PostgreSQLと言えば、MySQLと比べられ、MySQLの方が機能は少ないにもかかわらず、シェアでは圧倒されてきたイメージがあります。
しかし、近年、PostgreSQLが大規模システムに採用される事例が増え、その人気が高まっています。
データベースが稼動した状態でバックアップを取得するオンラインバックアップや処理時間や負荷を軽減するストアドプロシージャなどの機能も標準搭載しており、オープンソースなデータベースであっても、その機能はもはや商用データベースに何ら遜色はなく、小・中規模だけでなく大規模なシステムに対しても十分に対応できるデータベースであると言えます。
PostgreSQL9.0では、いくつかの新機能追加と性能改善が盛り込まれましたが、それもより大規模なシステムでPostgreSQLを適用できるようにするためのものです。
例えば、以前までのバージョンではPostgreSQL本体にレプリケーション機能がなかったため、pgpool-II, Slony-Iといったサードパーティ製のミドルウェアと組み合わせる必要がありましたが、9.0からPostgreSQLのみで手軽にレプリケーションを実現できるようになりました。
※レプリケーションとは、データベース管理システムが持つ機能の一つで、複数のサーバーにデータベースを自動的に複製する機能のことです。
また、PostgreSQLが特に強みとする、GIS (地理情報システム)向けの機能もサードパーティの製品と組み合わせて、地図検索システムなどで豊富な利用実績を重ねています。
商用RDBMSとの比較
機能や性能は商用RDBMSに遜色ないと前述しましたが、さすがに、Oracle DatabaseやDB2には及ばないでしょう。
Oracle RACなどのクラスタリング構成にすれば、お金をかければそれだけ性能は向上してきます。
ただ、シェアの高い商用RDBMSはライセンス料がものすごく高いです。数百万とかは軽くいきますし、オプション製品も含めると、普通の感覚では逃避したい値段になります。
また、DB製品が導入されるサーバー上に搭載されているプロセッサ(CPU)の総数によってライセンス料が変わったり、製品の使用が特定の期間内に制限され、期限が切れたら、その製品の使用を停止するか、契約を延長する必要があるなど、とにかくコストがかかります。

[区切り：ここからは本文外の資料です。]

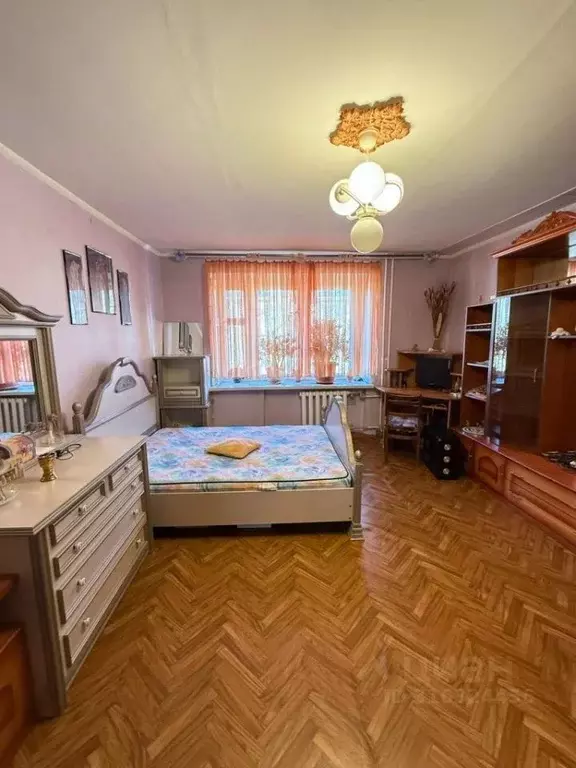 1-к кв. Нижегородская область, Нижний Новгород ул. Советской Армии, 6 ... - Фото 0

その点、PostgreSQLはソフトウェアライセンスは無償であり、十分な機能を持ちながらも低コストで導入できます。
ただ、商用RDBMSはベンダーのサポートが受けられるというのは結構重要なポイントです。商用だろうがオープンソースであろうが、製品の問題はよく起こります。製品不具合の場合は、内容によってはすぐにパッチを提供してもらわないと困ることがあります。また、ソフトウェアの使用方法や障害時の原因究明などをベンダーから教えてもらったり、依頼することができるので、運用面における、その点のメリットは大きいです。(対応のスピードや内容に不満を持つことも多々ありますが。)
とはいうものの、PostgreSQLも商用サポートを行っている企業がありますので、そのようなサポートを利用するのもひとつの手段です。
PostgreSQLに関する情報も豊富にあり、情報収集に困ることはないでしょう。
また、日本PostgreSQLユーザー会(JPUG)というボランティア団体が公開しているWebサイト「Let’s Pogtgres」には、性能分析や性能チューニングなど有益な情報が公開されています。
MySQLとの比較
オープンソースのRDBMSとしては、PostgreSQLとMySQLがほぼデファクトスタンダードになっていると言っても過言ではないでしょう。そのせいか、PostgreSQLとMySQLはよく比較されます。
機能の多さはPostgreSQL、性能はMySQLに軍配が上がるなどと言われています。
しかし、両RDBMSともにバージョンアップによる機能改善や追加がどんどんされていますので、それらの情報もすぐに古くなってしまいます。
結局、どちらも甲乙つけがたいのが実態です。
ただ、MySQLを買収していたSunをOracleが買収したことで、MySQLの開発者が去っていったとの噂があり、PostgreSQLの方が未来は明るいと言えるのかもしれません。